Monday, May 14, 2012
My daily routine has been the same for over a year now; I roll out of bed around at 7am, huff a cigarette, brew coffee, and spend hours upon hours job searching, applying, writing, submitting stories and queries, drawing, reading, pacing, babbling at my guinea pig as music plays on my dying computer, do some yard work, wash dishes, or cook, if only to keep my mind occupied. Around 4 or 5 I turn to video games/television for the evening, then attempt sleep between 11 and 3.
I sometimes think things are going to change. I press send on a short story submission, novel query, or job application, and assure myself, "This is it. This will get things rolling." More often than not I am hopeful, confident in the few skills I have and dreaming of where they might one day take me.
After my interview with Walmart, I was convinced my return to full-time employment was imminent and that I'd soon be living on my own again...something I've craved since my humiliating return from Denver.
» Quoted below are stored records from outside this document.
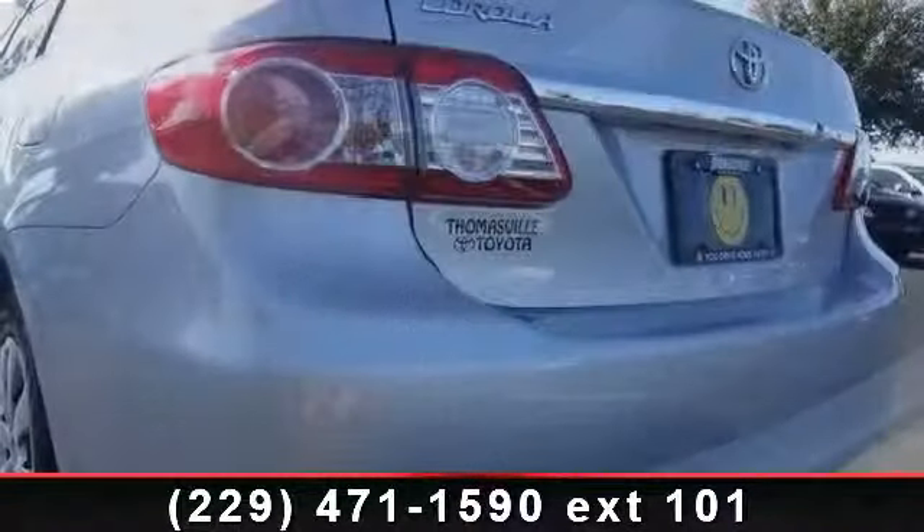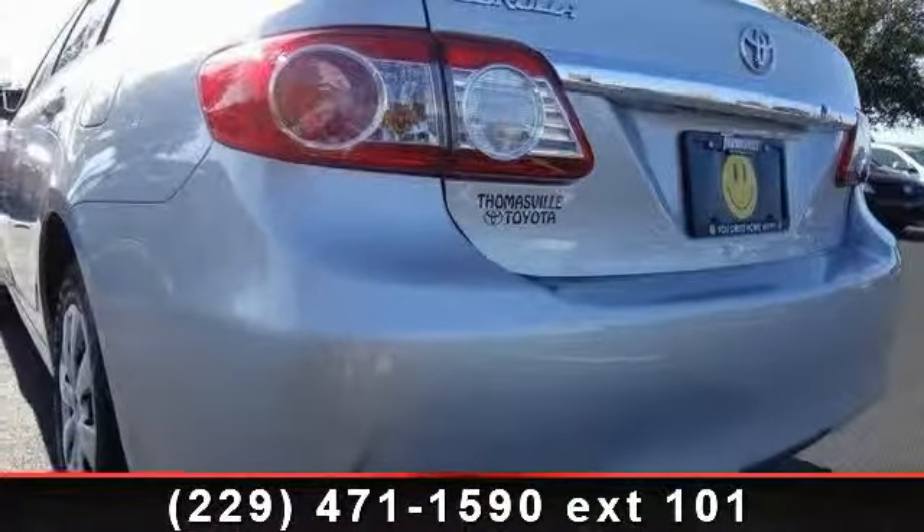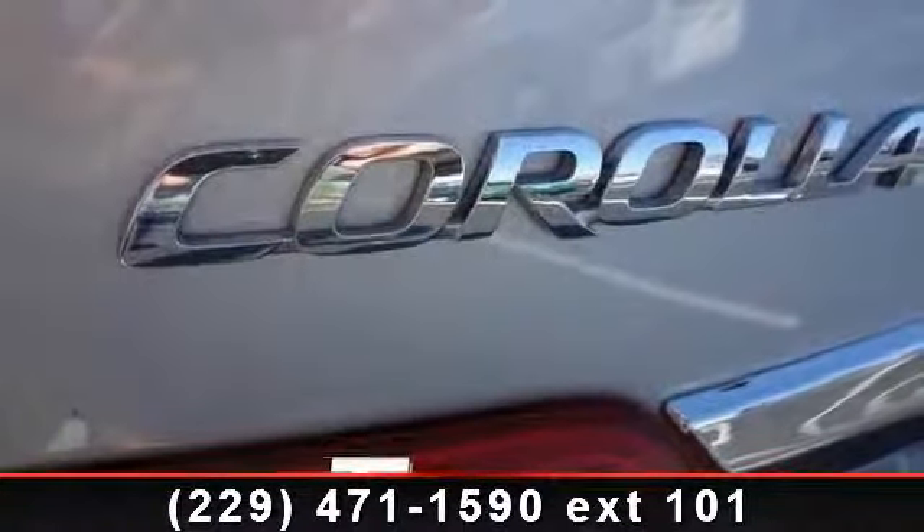This vehicle shows low mileage and has a smooth ride. Let us put you in the driver's seat today. Call or click to schedule a test drive.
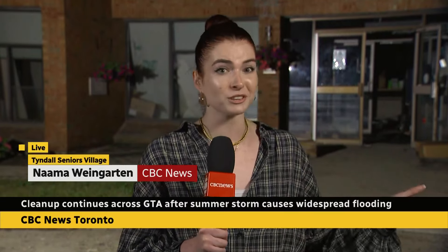Well, Kelda, 114 residents had to be evacuated from Tyndall Seniors Village — that's right here behind me. Mississauga Fire describes this as one of the most significant calls they had during the flood Tuesday, with this rescue taking about 12 hours to complete. Just earlier today, I spoke with the CEO who's in charge of this facility, and here's what she and others had to say to describe the chaos that unfolded.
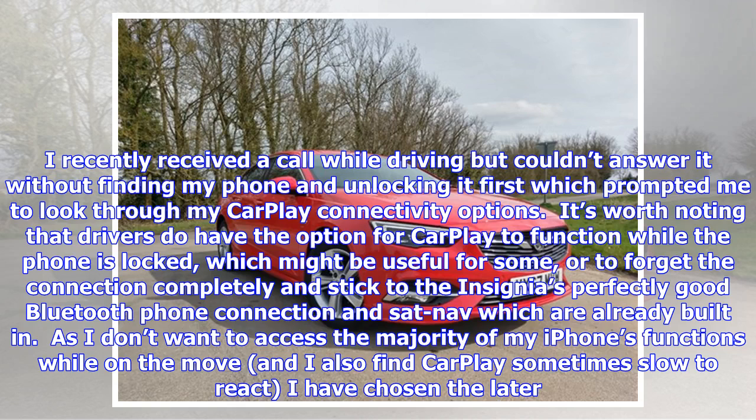It's very frustrating. I recently received a call while driving but couldn't answer it without finding my phone and unlocking it first, which prompted me to look through my CarPlay connectivity options. It's worth noting that drivers do have the option for CarPlay to function while the phone is locked, or to forget the connection completely and stick to the Insignia's perfectly good Bluetooth phone connection and built-in sat-nav. As I don't want to access the majority of my iPhone's functions while on the move, and I find CarPlay sometimes slow to react, I have chosen the latter.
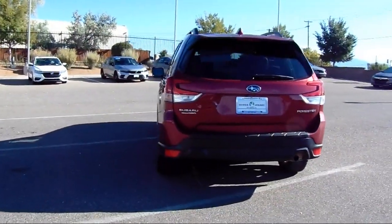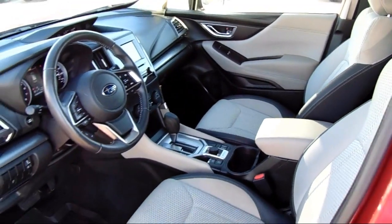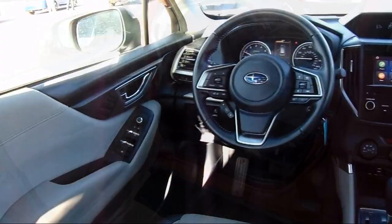At Honda of Santa Fe, every pre-owned vehicle at our dealership is thoroughly inspected and tested to ensure great performance and full satisfaction. We have gained a great reputation for offering some of the best quality pre-owned vehicles in the area.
However, Walmart was not interested in hiring a college graduate, which was evident when the woman repeatedly asked, "Are you sure this is the right job for you?"
Yet sometimes, I'm not hopeful. Sometimes, I sink low to the ground, claw out a hole, and slip inside. I cover myself in dirt and beg the universe to play whack-a-mole on my skull with a pickaxe. It's not a place I want to be, yet it's a place I often find myself when left alone with doubt, and every time I drag myself down, I stay a little bit longer. I start to believe there's no escape.
My depression, not unlike other's, stems from an overwhelming sense of failure that I habitually list in my head and scrutinize. I can admit that not everything on my list is real; some are a fabrication of my mind from tainted perception, but I'm often incapable of differentiating truth from fiction within my own memories. While some people live with rosy-colored glasses mine are murky, and if I wasn't so stubborn, I would have offed myself long ago.
Rejection is a challenge flag, not a deterrent. It's a test of one's resolve, a way to root out the weak and craven. To prove one's worth, we must sweat and bleed, we must endure ridicule and pain and keep swinging till the lights go out forever--even if our stories end in tragedy.